Without Arecibo, he says, that search would be crippled. Although the Laser Interferometer Gravitational-Wave Observatory (LIGO), which announced the first detection of gravitational waves in February to much fanfare, will continue running, it catches different waves than pulsar studies such as Arecibo’s do. “What’s really amazing to me is that in the wake of the discovery of gravitational waves, NSF is going to shut down the world’s most sensitive radio telescope and hinder the detection—the opening of the only other gravitational-wave window that we can open in the next few years,” he says. “It’s surreal.”
It may be surreal but Howell believes it is also realistic. “I am afraid that NSF has already made up its collective mind to reduce their support to much less than the current $8 million per year or so to perhaps nothing,” Howell says. “I think this is an embarrassment after so many years of scientific achievements when so little could continue the productivity.”
Michael Nolan, now at the LPL, worked at Arecibo for 20 years and was director from 2008 to 2011. He claims the observatory used to have better friends in high places, specifically in the NSF’s Atmospheric and Geospace Sciences division. “The two main advocates are now retired, and it seems like that voice is, too,” he says. “The Astronomy division has seemed like managers rather than advocates for a long time, though, of course, I’m not privy to their internal discussions.”

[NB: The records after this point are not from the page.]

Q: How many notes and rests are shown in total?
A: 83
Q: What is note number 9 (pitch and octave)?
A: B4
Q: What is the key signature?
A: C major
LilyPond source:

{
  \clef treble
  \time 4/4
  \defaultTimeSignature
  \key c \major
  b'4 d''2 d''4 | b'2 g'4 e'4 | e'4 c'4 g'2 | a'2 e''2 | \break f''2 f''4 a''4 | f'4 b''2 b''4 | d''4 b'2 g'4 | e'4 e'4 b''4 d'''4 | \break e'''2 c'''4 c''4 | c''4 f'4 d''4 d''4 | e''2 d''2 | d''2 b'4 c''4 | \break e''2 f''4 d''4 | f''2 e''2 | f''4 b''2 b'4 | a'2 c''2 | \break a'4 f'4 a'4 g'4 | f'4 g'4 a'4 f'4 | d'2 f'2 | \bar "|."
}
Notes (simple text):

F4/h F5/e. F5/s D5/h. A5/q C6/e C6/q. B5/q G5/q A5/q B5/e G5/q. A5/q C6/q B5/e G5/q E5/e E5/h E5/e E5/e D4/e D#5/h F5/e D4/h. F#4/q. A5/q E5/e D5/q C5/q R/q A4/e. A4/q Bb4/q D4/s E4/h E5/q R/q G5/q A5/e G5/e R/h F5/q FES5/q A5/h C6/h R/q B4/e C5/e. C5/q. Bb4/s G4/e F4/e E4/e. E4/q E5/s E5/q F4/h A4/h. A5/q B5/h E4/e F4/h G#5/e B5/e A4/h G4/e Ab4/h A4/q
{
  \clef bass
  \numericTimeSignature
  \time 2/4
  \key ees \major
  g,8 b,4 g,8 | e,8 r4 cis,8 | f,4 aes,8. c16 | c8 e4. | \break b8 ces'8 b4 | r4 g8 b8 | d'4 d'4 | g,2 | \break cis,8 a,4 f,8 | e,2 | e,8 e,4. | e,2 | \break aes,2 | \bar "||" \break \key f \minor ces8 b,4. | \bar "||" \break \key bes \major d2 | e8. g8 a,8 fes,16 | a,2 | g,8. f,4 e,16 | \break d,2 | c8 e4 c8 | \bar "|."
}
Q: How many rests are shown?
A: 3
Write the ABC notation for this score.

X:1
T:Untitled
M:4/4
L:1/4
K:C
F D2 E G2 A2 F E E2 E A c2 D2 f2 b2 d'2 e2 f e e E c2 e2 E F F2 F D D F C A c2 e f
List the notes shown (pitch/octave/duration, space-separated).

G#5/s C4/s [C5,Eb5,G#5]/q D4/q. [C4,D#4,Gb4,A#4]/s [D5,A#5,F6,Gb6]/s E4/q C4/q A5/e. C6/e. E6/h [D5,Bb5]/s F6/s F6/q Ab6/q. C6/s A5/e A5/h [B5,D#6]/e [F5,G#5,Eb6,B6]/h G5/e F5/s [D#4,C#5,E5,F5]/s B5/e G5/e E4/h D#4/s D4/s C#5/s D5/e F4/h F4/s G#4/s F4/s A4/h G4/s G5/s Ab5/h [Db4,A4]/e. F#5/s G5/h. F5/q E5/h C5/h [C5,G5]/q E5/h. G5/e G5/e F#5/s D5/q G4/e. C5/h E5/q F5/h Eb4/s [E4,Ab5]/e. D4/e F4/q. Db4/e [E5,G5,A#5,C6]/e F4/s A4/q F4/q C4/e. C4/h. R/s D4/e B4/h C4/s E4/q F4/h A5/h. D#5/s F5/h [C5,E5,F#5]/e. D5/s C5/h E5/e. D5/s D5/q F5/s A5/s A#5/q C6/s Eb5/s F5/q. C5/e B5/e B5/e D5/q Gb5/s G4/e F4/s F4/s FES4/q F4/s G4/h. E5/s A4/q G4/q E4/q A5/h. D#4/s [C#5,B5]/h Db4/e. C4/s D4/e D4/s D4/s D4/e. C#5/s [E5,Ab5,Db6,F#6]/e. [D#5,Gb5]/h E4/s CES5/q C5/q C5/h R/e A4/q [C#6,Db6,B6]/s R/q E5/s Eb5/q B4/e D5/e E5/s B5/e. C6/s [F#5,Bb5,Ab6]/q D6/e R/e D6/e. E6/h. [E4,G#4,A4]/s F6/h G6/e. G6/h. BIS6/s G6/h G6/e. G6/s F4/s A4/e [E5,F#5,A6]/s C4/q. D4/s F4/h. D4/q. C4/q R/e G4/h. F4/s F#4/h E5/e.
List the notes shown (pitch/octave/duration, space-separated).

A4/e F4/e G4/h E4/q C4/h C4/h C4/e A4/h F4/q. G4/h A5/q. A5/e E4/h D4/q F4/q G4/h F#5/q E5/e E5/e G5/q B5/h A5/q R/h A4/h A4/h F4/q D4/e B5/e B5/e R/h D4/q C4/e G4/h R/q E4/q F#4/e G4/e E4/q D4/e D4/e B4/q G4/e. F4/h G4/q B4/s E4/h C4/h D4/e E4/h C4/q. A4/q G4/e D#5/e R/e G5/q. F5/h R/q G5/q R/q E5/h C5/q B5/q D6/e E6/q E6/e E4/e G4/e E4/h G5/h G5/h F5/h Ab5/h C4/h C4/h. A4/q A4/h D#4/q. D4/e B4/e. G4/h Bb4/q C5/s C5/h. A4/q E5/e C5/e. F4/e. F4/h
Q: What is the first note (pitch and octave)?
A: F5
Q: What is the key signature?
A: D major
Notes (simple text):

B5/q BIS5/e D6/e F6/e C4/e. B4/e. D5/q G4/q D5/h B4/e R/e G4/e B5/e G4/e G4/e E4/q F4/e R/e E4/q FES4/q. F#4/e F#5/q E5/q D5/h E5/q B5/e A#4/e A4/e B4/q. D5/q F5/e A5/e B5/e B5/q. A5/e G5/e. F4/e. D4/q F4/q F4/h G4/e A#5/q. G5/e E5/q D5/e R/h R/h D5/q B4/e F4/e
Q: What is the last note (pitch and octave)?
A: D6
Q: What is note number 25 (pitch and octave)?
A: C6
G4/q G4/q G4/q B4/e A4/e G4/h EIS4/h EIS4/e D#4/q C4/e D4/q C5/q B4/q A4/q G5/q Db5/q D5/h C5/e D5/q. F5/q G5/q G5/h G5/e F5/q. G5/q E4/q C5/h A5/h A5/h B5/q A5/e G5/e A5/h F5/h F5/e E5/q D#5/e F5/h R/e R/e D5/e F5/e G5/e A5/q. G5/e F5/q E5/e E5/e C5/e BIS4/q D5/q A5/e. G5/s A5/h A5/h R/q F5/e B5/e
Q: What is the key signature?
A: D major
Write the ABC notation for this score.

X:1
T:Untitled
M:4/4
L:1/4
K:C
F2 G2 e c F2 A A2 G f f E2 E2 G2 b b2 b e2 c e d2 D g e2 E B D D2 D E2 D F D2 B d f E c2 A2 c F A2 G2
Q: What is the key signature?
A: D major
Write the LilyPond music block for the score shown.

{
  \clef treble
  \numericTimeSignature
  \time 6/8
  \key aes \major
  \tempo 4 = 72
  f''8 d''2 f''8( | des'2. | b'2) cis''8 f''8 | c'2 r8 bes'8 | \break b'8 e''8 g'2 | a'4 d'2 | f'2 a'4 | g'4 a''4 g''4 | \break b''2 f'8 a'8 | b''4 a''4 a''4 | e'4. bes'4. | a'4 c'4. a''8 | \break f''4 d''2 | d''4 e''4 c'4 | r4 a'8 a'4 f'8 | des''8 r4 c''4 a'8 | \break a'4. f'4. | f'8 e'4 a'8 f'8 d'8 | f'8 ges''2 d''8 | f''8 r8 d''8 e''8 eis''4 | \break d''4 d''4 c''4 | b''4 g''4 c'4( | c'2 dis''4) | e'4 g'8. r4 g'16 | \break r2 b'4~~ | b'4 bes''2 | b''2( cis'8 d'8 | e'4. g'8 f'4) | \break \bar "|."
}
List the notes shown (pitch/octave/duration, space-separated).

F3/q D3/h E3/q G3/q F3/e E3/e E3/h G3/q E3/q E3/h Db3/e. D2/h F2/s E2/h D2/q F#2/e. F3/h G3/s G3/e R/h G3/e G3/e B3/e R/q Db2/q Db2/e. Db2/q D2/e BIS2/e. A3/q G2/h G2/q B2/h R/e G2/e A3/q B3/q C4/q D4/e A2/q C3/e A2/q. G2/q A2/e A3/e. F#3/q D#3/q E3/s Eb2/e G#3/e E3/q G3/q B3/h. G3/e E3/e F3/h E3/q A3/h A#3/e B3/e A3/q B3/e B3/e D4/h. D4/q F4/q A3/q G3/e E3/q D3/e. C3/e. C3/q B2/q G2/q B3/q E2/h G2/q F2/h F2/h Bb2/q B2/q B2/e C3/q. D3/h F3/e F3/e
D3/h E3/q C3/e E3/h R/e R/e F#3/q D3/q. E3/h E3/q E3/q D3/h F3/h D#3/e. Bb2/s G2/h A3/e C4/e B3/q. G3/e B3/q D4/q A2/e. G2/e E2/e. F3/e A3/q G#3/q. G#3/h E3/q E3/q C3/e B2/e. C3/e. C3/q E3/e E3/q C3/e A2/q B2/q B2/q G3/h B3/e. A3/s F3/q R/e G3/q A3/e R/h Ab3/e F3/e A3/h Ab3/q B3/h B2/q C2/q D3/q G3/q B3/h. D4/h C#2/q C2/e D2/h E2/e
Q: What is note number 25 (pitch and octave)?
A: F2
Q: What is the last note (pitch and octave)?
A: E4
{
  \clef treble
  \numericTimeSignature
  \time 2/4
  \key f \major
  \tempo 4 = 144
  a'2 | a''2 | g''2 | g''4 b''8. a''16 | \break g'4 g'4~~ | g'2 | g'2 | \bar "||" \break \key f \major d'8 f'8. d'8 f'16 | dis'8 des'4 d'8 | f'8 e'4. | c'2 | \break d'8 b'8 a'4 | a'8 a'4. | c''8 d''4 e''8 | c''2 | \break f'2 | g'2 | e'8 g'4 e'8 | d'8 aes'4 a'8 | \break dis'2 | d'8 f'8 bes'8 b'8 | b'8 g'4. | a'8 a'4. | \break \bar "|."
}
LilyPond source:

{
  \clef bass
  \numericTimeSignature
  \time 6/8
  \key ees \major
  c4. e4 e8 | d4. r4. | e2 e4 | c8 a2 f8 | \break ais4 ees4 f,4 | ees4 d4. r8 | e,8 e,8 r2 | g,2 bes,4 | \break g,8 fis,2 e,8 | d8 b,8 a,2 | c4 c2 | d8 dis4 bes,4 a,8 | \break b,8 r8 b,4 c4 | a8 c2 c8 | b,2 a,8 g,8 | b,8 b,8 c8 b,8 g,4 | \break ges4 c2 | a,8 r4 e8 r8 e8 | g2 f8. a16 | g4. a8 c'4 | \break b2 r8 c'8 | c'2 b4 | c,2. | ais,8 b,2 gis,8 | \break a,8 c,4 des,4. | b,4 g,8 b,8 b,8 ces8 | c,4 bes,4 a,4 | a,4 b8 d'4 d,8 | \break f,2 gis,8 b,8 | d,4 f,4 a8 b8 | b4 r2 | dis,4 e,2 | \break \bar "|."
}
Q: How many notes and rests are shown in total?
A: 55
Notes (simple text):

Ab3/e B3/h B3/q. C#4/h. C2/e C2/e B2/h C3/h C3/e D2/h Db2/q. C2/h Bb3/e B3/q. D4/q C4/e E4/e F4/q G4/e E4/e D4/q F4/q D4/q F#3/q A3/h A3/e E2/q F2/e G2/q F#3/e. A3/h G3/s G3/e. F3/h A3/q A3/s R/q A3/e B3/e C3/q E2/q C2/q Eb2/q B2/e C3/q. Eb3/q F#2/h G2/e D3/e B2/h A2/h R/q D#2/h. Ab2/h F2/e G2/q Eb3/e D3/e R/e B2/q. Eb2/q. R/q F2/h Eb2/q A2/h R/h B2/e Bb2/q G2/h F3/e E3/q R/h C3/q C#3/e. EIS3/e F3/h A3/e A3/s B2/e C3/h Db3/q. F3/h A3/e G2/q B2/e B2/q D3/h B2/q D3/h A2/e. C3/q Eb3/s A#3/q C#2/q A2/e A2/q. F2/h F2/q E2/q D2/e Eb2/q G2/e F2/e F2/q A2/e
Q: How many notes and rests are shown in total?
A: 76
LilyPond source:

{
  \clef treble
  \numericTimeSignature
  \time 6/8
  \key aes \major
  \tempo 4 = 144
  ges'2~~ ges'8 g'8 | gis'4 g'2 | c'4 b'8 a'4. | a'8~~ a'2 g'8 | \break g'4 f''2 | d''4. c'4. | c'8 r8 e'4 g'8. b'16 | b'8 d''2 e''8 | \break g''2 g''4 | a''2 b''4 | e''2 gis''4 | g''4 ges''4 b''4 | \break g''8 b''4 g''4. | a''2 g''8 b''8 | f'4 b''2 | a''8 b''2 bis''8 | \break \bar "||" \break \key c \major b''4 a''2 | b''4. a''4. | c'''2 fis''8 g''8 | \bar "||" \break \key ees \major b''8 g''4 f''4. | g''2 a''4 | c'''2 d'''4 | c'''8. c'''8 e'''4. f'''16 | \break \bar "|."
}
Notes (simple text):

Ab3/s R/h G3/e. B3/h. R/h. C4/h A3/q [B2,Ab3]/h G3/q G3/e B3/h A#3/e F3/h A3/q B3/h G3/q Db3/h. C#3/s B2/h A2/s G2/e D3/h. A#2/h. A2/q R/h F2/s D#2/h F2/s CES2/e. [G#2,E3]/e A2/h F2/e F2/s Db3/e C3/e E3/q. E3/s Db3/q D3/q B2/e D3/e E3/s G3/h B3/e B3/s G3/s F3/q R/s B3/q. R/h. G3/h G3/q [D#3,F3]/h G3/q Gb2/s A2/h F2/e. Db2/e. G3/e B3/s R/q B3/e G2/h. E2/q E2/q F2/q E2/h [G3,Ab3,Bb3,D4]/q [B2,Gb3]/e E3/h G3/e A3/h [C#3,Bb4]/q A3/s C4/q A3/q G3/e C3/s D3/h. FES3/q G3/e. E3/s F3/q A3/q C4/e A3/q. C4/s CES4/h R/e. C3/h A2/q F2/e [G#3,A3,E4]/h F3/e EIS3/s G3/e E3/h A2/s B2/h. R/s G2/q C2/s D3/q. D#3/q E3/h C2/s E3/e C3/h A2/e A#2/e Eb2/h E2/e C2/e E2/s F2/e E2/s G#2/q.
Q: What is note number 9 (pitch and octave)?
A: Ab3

And whereas the NSF’s deliberations have not yet resulted in a decision to back away from the observatory completely or at all, the delay of what may be inevitable is not doing the telescope any favors, Nolan argues. Arecibo’s leaders cannot ask new potential donors to make up for a specific shortfall because they do not know if or by how much the NSF might curb its aid. Recalling his tenure at Arecibo, and the regular jeopardy it was in even back then, Nolan wishes the facility did not have to be so often rescued from the brink: “You know that line in The Incredibles?” he asks. “‘Sometimes I just want it to stay saved, you know? For a little bit.’”
In addition to its scientific import, Arecibo also plays a concrete, down-to-earth role in the community. An economy exists around the rural facility, which provides jobs to local residents and infuses the area with cash-dispensing visitors—both touristic and scientific. The environmental statement will also evaluate those human impacts. If the NSF does decide to tighten the purse strings and no other organization steps up to fill the gap, the consequences will ripple across science and society, space and time. “If Arecibo has to close because NSF has other priorities, it will not be possible to bring it back anytime soon, when or if we come to our senses,” the LPL’s Howell says. She and many scientists would agree that an empty Arecibo site would be—as Jodie Foster says in Contact—an “awful waste of space.”